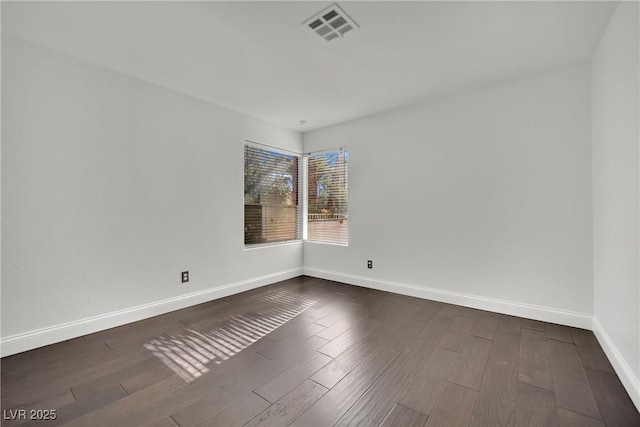 spare room featuring dark hardwood / wood-style floors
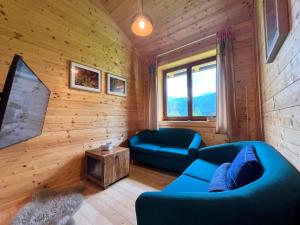 a living room with blue couches and a tv at Chalet Stressless by Interhome in Presseggen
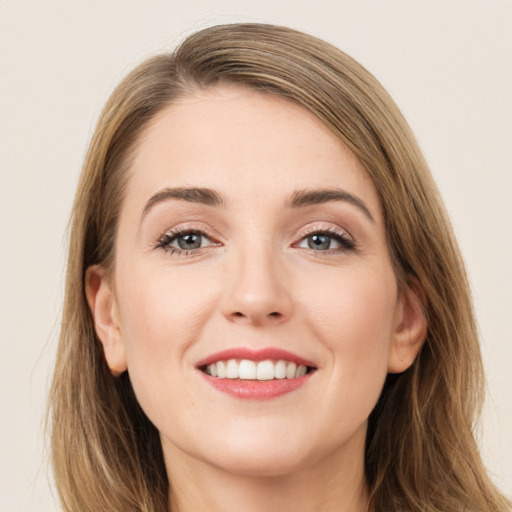 Joyful white young-adult female with long  brown hair and grey eyes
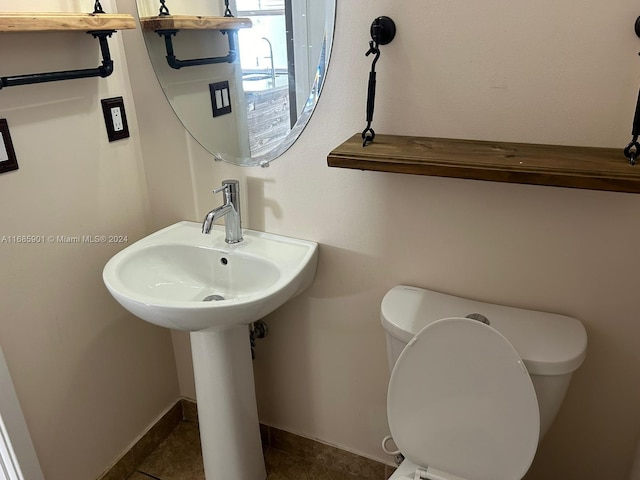 bathroom featuring toilet and tile patterned floors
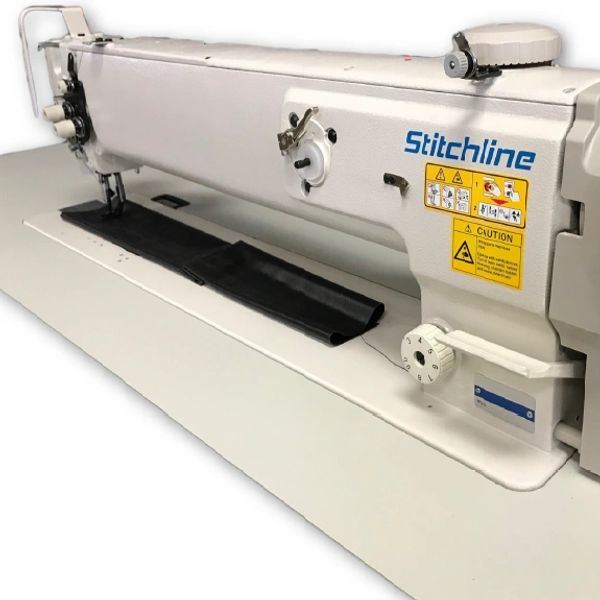 Industrial Stitchline sewing machine with black fabric.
________________________
> [DIRECTIONS]
Could you copy the listing exactly, leaving out any pictures?

> [EXERCISE OUTPUT]
 spare room featuring dark hardwood / wood-style floors
 a living room with blue couches and a tv at Chalet Stressless by Interhome in Presseggen
 Joyful white young-adult female with long  brown hair and grey eyes
 bathroom featuring toilet and tile patterned floors
 Industrial Stitchline sewing machine with black fabric.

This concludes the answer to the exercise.